Muito translate Portuguese
536,276 parallel translation
Bunun senin için ne kadar zor olduğunu hayal dahi edemem.
Isto deve ser muito difícil para si.
Şimdi bizi Apothecary'e götür biz de minnettar olalım sana karşı.
Encaminhe-nos ao Apotecário e ficaremos muito gratos.
Helen ve Robert'ın çok mutlu bir evliliği var.
A Helen e o Robert têm um casamento muito feliz.
Bu konuda oldukça kibardın her şey düşünüldü.
Foi muito cortês, tendo tudo em conta.
Heyecanlı olmalısınız.
Deve estar muito feliz.
Çok kafası karışık bir kadın ama iyileşecek.
Ela está muito confusa, mas vai-lhe passar.
Nasıl bulaşır?
É muito contagioso?
Çünkü birbirimizi uzun zamandır tanıyoruz.
Já nos conhecemos há muito tempo.
Ağız sıklığı nadir görülen ve maalesef değeri bilinmeyen bir özelliktir.
Discrição é uma qualidade muito pouco apreciada.
İğrenç yazıyor ama elimden düşüremiyorum.
Escreve muito mal mas não os consigo parar de ler.
Neden o? Tom işinde çok iyidir.
O Tom é muito bom naquilo que faz.
Çok fazla zamanın yok.
Não tens muito tempo.
Buna saygı duyuyorum, bilhassa sizi tutmak istiyorum.

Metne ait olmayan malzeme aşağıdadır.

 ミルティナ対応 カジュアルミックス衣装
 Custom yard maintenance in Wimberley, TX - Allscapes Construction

Aprecio muito isso, mais ainda pois quero contratar os teus serviços.
Gerçek. Bunu değerli bulurum.
A verdade prezo-a muito.
Uzun süredir, her an ölebileceğimi... düşünürken çok rahattım.

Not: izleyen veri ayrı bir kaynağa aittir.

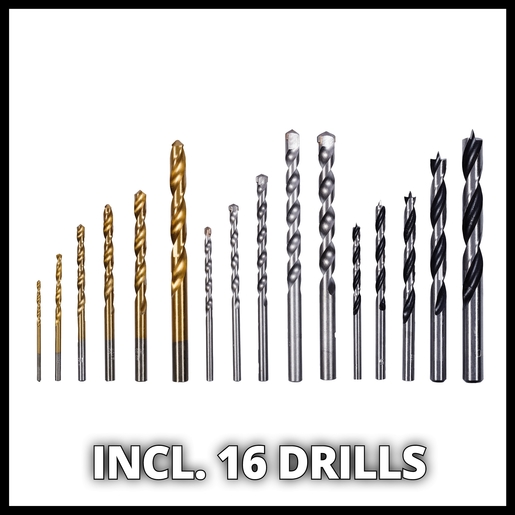 Einhell udarna bušilica set TC-ID 1000 E Kit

Durante muito tempo, estive confortado com a ideia que poderia morrer a qualquer momento.
Allahtan, FBI yardım edip, bizi sana getirecek kadar kibardı.

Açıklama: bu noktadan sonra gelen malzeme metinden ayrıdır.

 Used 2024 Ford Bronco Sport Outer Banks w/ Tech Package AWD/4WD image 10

Com sorte, o FBI foi muito bom em nos levar direitinhos a ti.
İlk önce geç kaldığım için özür dilemek istiyorum çünkü hepiniz benim için çok önemlisiniz.
- Primeiro quero pedir desculpa pelo meu atraso, já que vocês são muito importantes para mim.
Benim için çok önemlisin ve bu çok güzel bir isim.
Você é muito importante para mim e tem um nome adorável.
Kızım tabii ki, bazen benim için önemliydi ama çok fazla değil.
A minha filha, claro, às vezes era... Importante para mim. Mas não muito mais que isso.
Doğru.
Muito bem.
Tamam, üç tane pastırmalı acılı patates.
Muito bem, três batatas com bacon e chilli.
Tamam, onları almış ve yemişsin.
Muito bem, levaste-as e comeste-as.
Tamam, herkes derin bir nefes alsın.
Muito bem, acalmem-se.
Gerçekten kötü.
- Mal. Muito mal.
Marjorie, kafam gerçekten güzel ve bunun hiç bitmeyeceğinden korkuyorum.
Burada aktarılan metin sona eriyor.